Standard sparse autoencoders tend to learn “split dictionaries” in multimodal embedding spaces, where features activate exclusively for a single modality, thereby disrupting cross-modal semantic alignment. To address this issue, this work proposes the first autoencoder framework that integrates group sparsity regularization with cross-modal random masking, explicitly promoting cross-modal consistency within multimodal embedding spaces such as those of CLIP or CLAP. The proposed approach effectively mitigates modality splitting, substantially reduces the occurrence of dead neurons, and enhances the semantic meaningfulness, cross-modal alignment, interpretability, and controllability of the learned features in multimodal tasks.

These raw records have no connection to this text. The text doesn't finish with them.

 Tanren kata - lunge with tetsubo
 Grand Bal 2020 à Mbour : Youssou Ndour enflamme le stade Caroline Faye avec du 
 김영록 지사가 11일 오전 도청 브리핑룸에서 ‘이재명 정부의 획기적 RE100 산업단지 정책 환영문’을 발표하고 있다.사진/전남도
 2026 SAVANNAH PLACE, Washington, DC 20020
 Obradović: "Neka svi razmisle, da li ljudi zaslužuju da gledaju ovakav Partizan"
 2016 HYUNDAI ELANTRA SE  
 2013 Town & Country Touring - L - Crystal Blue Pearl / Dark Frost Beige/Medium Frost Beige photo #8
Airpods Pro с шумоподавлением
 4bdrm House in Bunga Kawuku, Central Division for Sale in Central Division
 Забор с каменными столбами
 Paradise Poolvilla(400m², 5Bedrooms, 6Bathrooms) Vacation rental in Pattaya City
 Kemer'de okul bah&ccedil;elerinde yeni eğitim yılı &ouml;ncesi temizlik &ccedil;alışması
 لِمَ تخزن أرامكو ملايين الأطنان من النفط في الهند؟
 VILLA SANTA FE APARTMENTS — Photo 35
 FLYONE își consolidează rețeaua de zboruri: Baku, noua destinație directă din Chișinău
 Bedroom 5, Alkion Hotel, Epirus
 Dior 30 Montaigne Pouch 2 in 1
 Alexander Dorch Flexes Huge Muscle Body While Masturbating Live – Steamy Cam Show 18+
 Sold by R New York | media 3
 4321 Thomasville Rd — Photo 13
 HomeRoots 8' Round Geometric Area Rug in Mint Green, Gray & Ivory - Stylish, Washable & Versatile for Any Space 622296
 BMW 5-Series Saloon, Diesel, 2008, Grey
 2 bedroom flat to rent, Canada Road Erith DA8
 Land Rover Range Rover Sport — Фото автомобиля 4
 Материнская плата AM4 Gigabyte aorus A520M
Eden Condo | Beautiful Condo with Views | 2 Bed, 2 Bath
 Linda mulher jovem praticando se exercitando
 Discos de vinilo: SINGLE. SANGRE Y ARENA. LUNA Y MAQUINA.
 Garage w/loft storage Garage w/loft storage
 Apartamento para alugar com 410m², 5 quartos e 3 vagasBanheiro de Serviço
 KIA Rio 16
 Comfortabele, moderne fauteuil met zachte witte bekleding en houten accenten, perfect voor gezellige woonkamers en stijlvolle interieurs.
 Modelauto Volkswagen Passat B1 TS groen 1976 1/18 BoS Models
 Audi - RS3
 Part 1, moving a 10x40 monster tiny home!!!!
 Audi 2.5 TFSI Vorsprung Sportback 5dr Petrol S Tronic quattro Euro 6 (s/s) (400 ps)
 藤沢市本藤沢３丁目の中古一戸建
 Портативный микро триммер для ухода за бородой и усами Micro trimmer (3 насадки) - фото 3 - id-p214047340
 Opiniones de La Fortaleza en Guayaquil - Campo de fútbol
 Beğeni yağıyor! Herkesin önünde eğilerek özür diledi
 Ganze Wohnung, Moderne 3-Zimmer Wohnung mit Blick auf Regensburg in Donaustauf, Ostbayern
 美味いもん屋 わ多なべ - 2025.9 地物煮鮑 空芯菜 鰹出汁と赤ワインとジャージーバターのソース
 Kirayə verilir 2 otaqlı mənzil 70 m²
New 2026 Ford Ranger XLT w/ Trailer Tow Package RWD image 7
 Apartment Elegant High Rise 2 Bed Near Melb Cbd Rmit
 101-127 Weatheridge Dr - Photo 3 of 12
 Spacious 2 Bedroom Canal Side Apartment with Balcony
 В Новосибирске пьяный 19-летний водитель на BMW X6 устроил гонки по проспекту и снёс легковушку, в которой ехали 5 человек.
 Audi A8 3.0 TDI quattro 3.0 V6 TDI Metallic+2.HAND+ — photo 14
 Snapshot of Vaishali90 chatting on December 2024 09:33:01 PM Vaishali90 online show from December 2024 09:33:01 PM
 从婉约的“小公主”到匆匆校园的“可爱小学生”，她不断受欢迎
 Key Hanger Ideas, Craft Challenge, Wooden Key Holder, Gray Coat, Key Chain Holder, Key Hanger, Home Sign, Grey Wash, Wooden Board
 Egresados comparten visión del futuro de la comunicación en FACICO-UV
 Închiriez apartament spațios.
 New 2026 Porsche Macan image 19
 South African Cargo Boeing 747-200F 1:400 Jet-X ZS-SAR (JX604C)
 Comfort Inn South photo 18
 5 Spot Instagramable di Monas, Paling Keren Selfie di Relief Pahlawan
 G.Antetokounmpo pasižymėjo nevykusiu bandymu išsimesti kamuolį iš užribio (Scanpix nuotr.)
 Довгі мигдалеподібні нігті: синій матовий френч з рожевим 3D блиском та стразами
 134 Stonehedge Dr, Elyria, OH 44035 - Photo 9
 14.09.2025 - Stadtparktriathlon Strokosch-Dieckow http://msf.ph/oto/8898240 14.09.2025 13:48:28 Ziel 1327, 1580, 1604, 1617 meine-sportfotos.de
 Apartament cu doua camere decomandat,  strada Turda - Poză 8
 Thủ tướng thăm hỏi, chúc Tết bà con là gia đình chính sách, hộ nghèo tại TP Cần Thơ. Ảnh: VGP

The Linear Representation Hypothesis asserts that the embeddings learned by neural networks can be understood as linear combinations of features corresponding to high-level concepts. Based on this ansatz, sparse autoencoders (SAEs) have recently become a popular method for decomposing embeddings into a sparse combination of linear directions, which have been shown empirically to often correspond to human-interpretable semantics. However, recent attempts to apply SAEs to multimodal embedding spaces (such as the popular CLIP embeddings for image/text data) have found that SAEs often learn"split dictionaries", where most of the learned sparse features are essentially unimodal, active only for data of a single modality. In this work, we study how to effectively adapt SAEs for the setting of multimodal embeddings while ensuring multimodal alignment. We first argue that the existence of a split dictionary decomposition on an aligned embedding space implies the existence of a non-split dictionary with improved modality alignment. Then, we propose a new SAE-based approach to multimodal embedding decomposition using cross-modal random masking and group-sparse regularization. We apply our method to popular embeddings for image/text (CLIP) and audio/text (CLAP) data and show that, compared to standard SAEs, our approach learns a more multimodal dictionary while reducing the number of dead neurons and improving feature semanticity. We finally demonstrate how this improvement in alignment of concepts between modalities can enable improvements in the interpretability and control of cross-modal tasks.